Data records

────

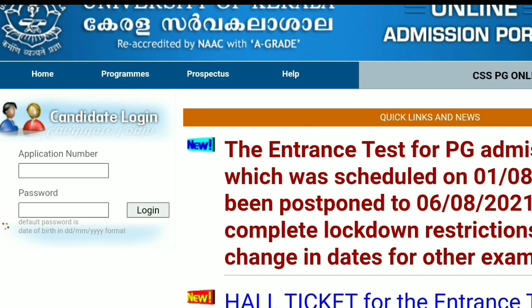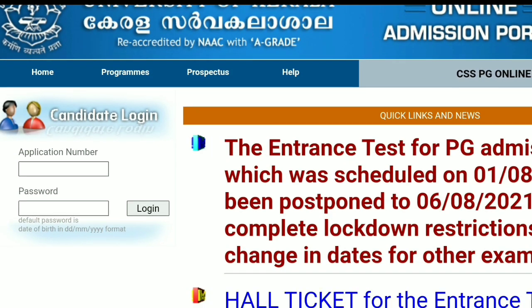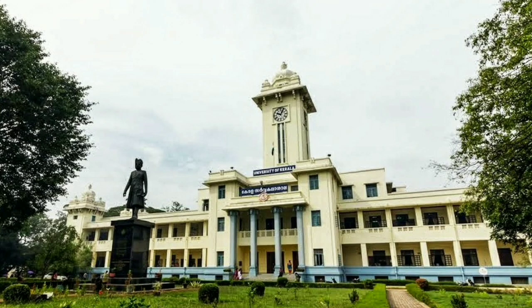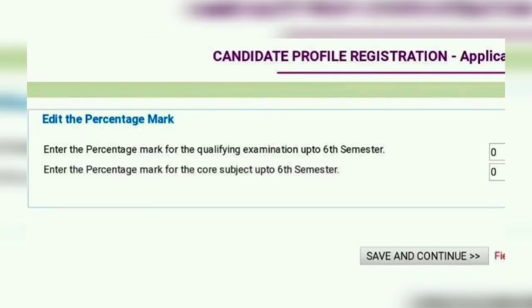This video is providing an important update regarding the University of Kerala PGCSS standards examination, which was conducted for the university departments. The candidates are instructed to upload their mark details of the UG program as soon as possible.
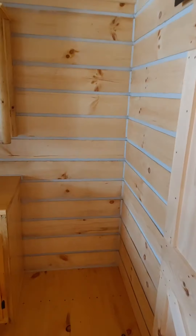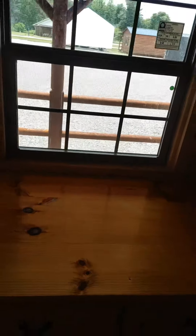You got your spot there for your standard refrigerator. You got your spot here for your double or single sink — just let us know what you want to put over there.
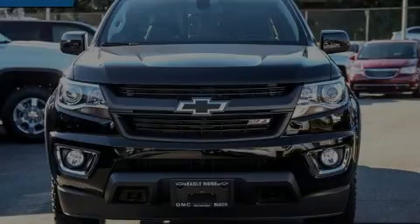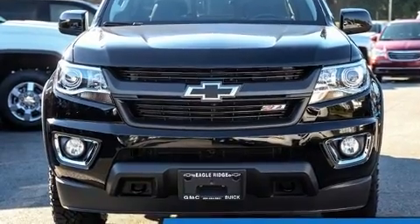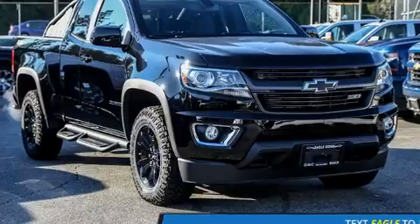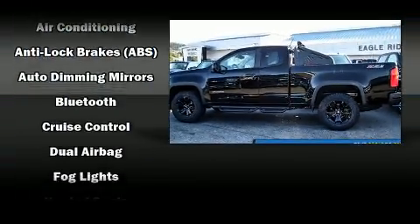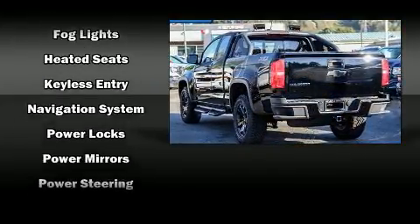Sensibility and practicality define the 2016 Chevrolet Colorado. A wealth of standard features means that you no longer have to sacrifice — like heated seats, a trip computer, an automatic dimming rearview mirror, an outside temperature display, skid plates, and power seats.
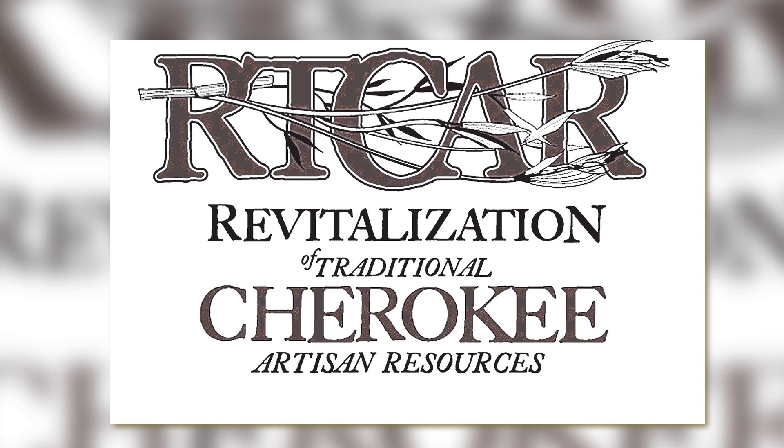The effort is funded through the Cherokee Preservation Foundation, so this is one of their initiatives to preserve culture within the Cherokee community. RT-CAR came into being about 15 years ago and focuses on environmental preservation with the specific purpose of increasing the availability of resources for tribal artisans.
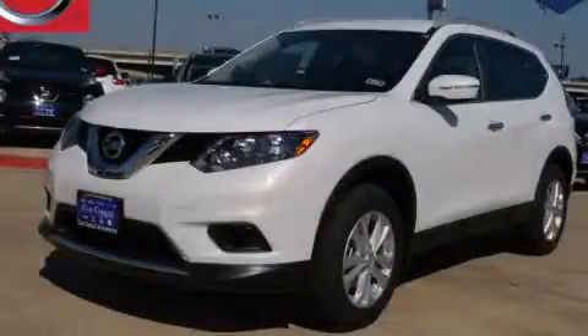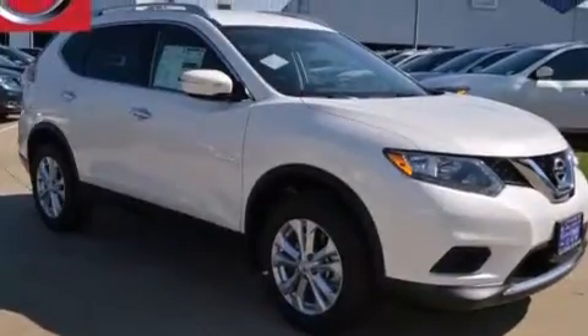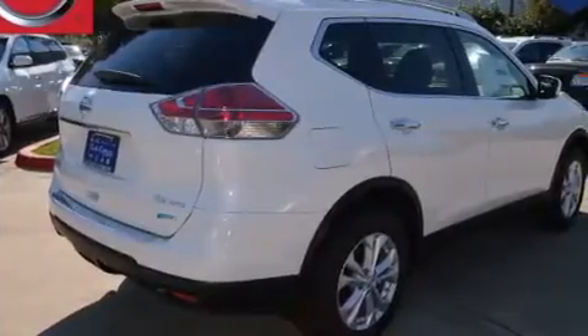This is a brand new 2014 Nissan Rogue — plenty of space for what you need. It has a 2.5-liter four-cylinder engine, an automatic transmission, and all-wheel drive.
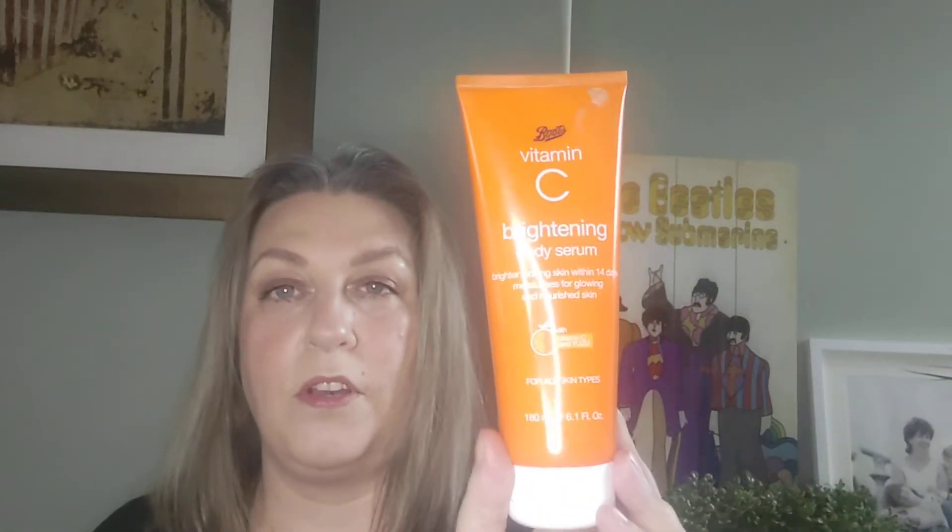I have a vitamin C brightening body serum from Bearworks — I didn't even finish it. Didn't like it at all, did absolutely nothing. Then there's the Anatomicals Cherry body lotion, which I absolutely love — fabulous smell, really moisturising. This will have been a TK Maxx purchase, probably got it for about two quid.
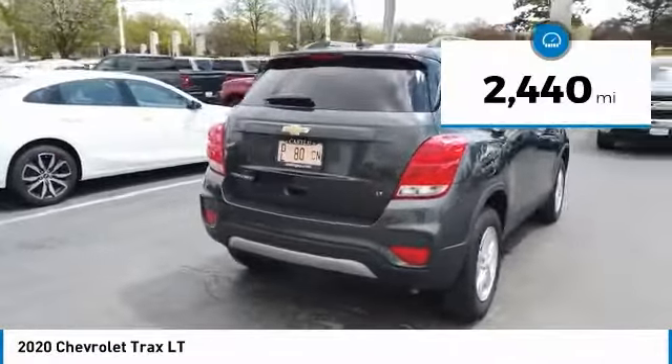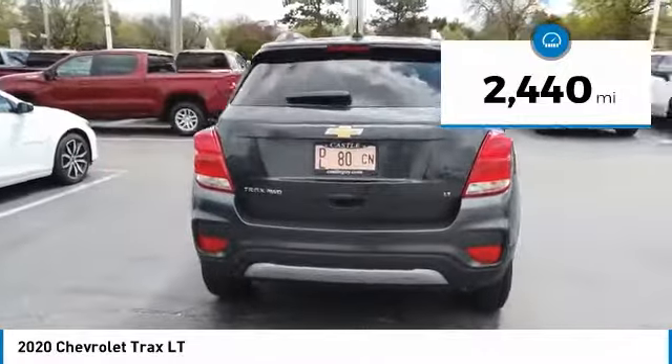This vehicle has less than 3,000 miles. Here are some of this vehicle's great options.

────

Working from the entries above, reproduce exactly and only the lines beginning with the line that has "Sensibility and practicality" and ending with the line that has "The effort is"; omit all pictures.

Sensibility and practicality define the 2016 Chevrolet Colorado. A wealth of standard features means that you no longer have to sacrifice — like heated seats, a trip computer, an automatic dimming rearview mirror, an outside temperature display, skid plates, and power seats.
The effort is funded through the Cherokee Preservation Foundation, so this is one of their initiatives to preserve culture within the Cherokee community. RT-CAR came into being about 15 years ago and focuses on environmental preservation with the specific purpose of increasing the availability of resources for tribal artisans.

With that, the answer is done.